Türkiye-ABD ilişkileri ve ABD Başkanı Trump'ın Amerikan medyası ile tutuştuğu kavga, Alman gazetelerinde gündemde.
Junge Welt gazetesinin Türkiye'nin ABD'ye gümrük misillemesinde bulunmasını ve Cumhurbaşkanı Erdoğan'ın NATO ittifakını gündeme getirmesini şöyle yorumluyor:
"Erdoğan'ın tehdidi küresel kamuoyunda yayılmaya başladığından beri ortam daha da kritikleşti. ABD Başkanı Donald Trump poker oynuyor. Türkiye NATO ile bozuşmayı gerçekten göze alabilir mi? Türk hükümeti sadece abartmakla kalmayıp Batı ile pazarlıkta elini güçlendirmek ve aynı zamanda Doğu'dan da destek bulmak için gözlerini o yöne çeviriyor. Almanya hükümetinin Erdoğan'ın gerçekten ciddi olduğundan şüphelendiği anlaşılıyor. Başbakan Merkel krizi tırmandırmamaya özen gösteriyor. Trump ise işi oluruna bırakıp, gümrük vergilerini arttırdığı gibi 100 adet F-35 tipi savaş uçağının NATO müttefiki Türkiye'ye verilmesini de askıya alabiliyor."
Frankfurter Allgemeine Zeitung Amerikan medyasının Trump'a karşı başlattığı ilan kampanyasına konu alan yorumunda hür basının demokrasi için hayati öneminin olduğunu hatırlatıyor:
"Başkanın sevmediği medya kuruluşlarıyla gazetecilere karşı sürdürdüğü kışkırtmalar tahammül sınırlarını aştı. Bu tutum demokrasiye zarar verir. Medya mensupları dokunulmaz değildir. Ancak varlık gerekçesini farklılıktan alan bağımsız ve hür basın demokratik sistemin işleyişi için vazgeçilmezdir. Amerikalıların çoğunluğu Trump'ın kışkırtmalarına kanmadı. Seçmenlerinin öfke dolu büyük bir bölümü ise onun 'halkın düşmanları' görüşünü benimsedi.

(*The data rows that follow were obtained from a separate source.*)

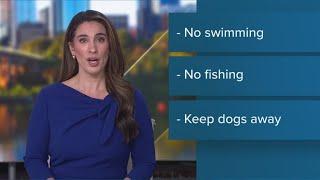 Health alert: Toxic algae bloom found in Burke Lake, keep dogs away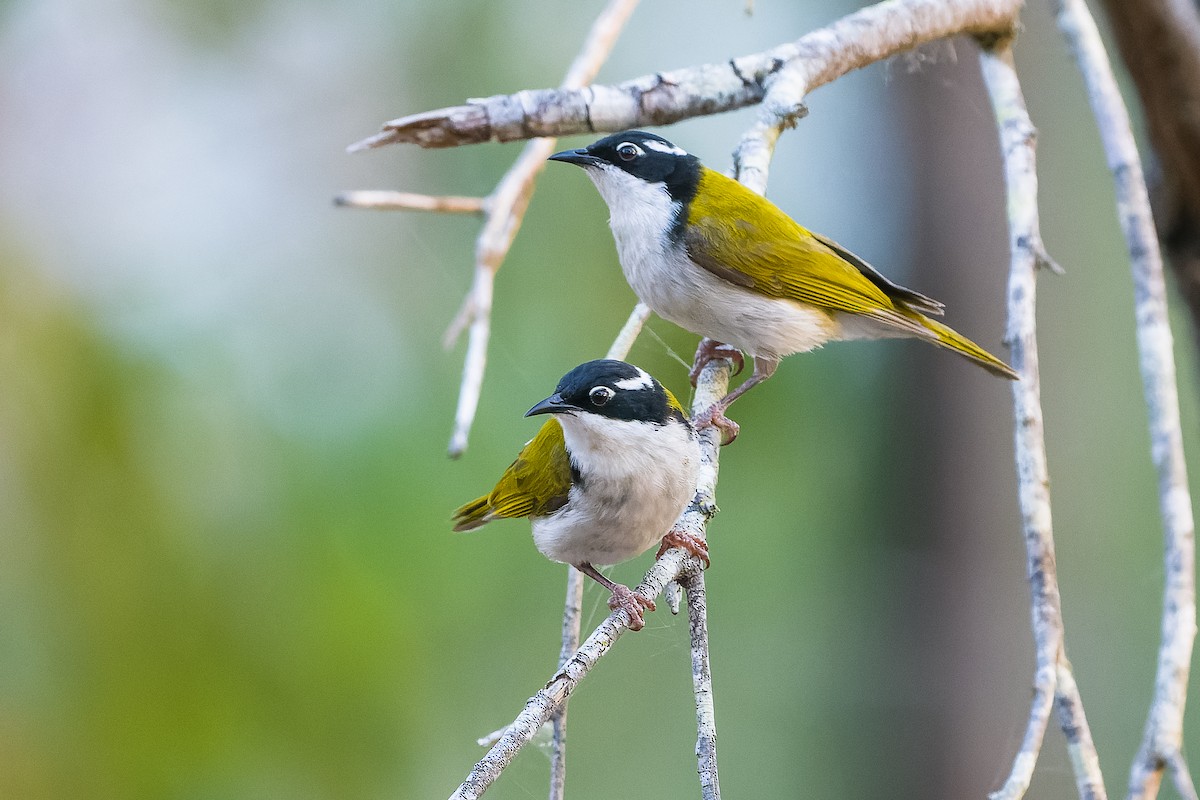 White-throated Honeyeater - David Southall
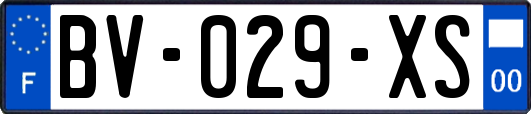 BV-029-XS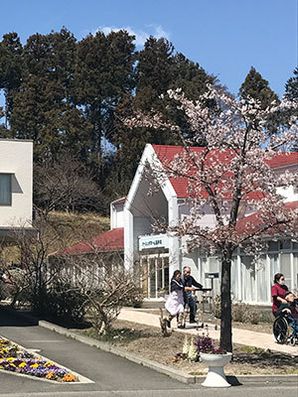 インターロッキングでの散歩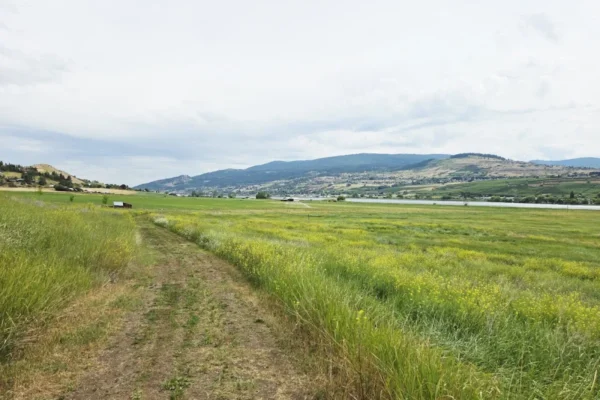 Swan Lake Nature Reserve & Trails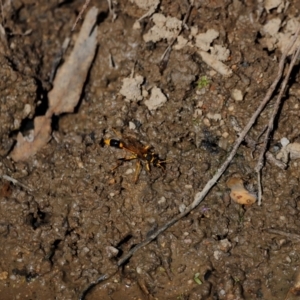 Sceliphron sp. (formosum or laetum) at Tidbinbilla Nature Reserve - 7 Mar 2021 03:39 PM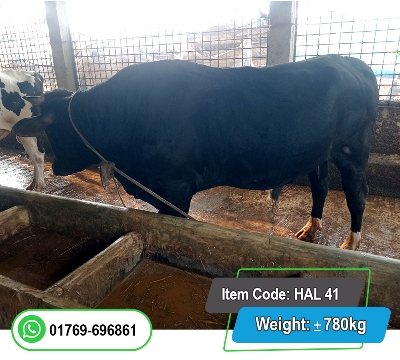 Picture of Friesian Bull (হলিস্টাইন ফ্রিজিয়ান ষাঁড়) 570KG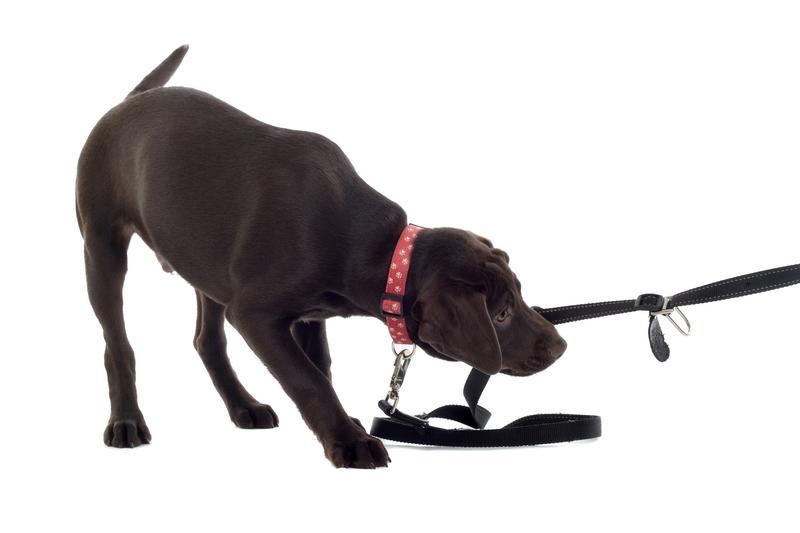 Your Canine Companion giving You a Tug-of-War?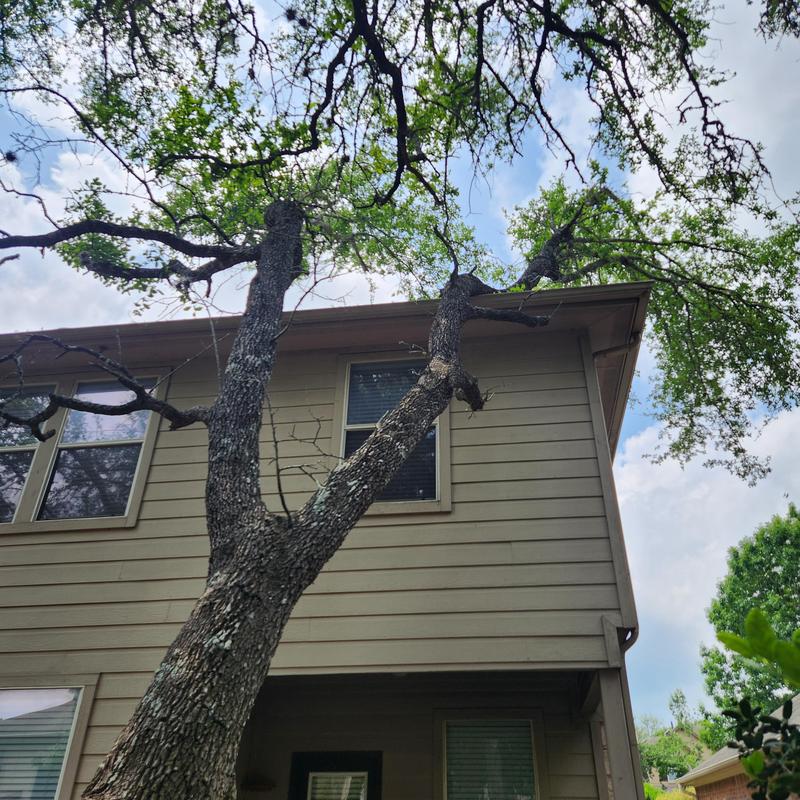 Tree limbs near driftwood shingle roof inspection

Medyanın ilan kampanyası görüş açısına göre farklı tepki toplayacaktır."
Süddeutsche Zeitung'un yorumunda eleştiriye katlanamayan Donald Trump'ın hür basını "halk düşmanı" ilan etmesine şaşırmamak gerektiği belirtiliyor:
"Trump'ın toplantılarına katılan taraftarları medya temsilcilerine nefret kusuyor, küfrediyor ve öfkelerini çirkin hareketler yaparak gösteriyor. Trump'ın ateşlediği öfkenin tırmanıp çığırından çıkması zaman meselesidir. O gün geldiğinde Başkan her defasında yaptığı gibi bu kez de masum olduğunu söyleyecektir. Basın hürriyetine saygılı olduğunu ve sadece 'yalan haberlere' kızdığını öne sürecektir. 350'den fazla gazetenin katıldığı Trump'ı ikaz kampanyası Amerika'da bir ilktir. Ve bütün Amerikalıların hayrına olan önemli bir kampanyadır. Ama bakalım Trump'ın aklını başına toplamasına ve medyaya bakışını değiştirmesine yarayacak mı? Başkanın bir sonraki medya saldırısının daha fazla öfke yüklü olabileceğini de hesaba katmak gerekir."
Darmstädter Echo gazetesi asıl sorunun eğitim sisteminden kaynaklandığını ifade ediyor:
"Demokrasinin tanıdığı imkânları kullanarak demokrasiyi bastırmak isteyen Trump ve bütün diğer demagogların basın aleyhtarı parolaları ancak medyadan yararlanma becerisi kaybolduğu zaman işlerine yarayabilir. Bu durumda toplumdaki tartışma kültürü ve sosyal dayanışma ortadan kalkar. Ancak ABD'yi parmakla gösterip böbürlenmeye de hiç kalkışmayalım. Bu konuda Almanya'nın iyi durumda olduğu da söylenemez."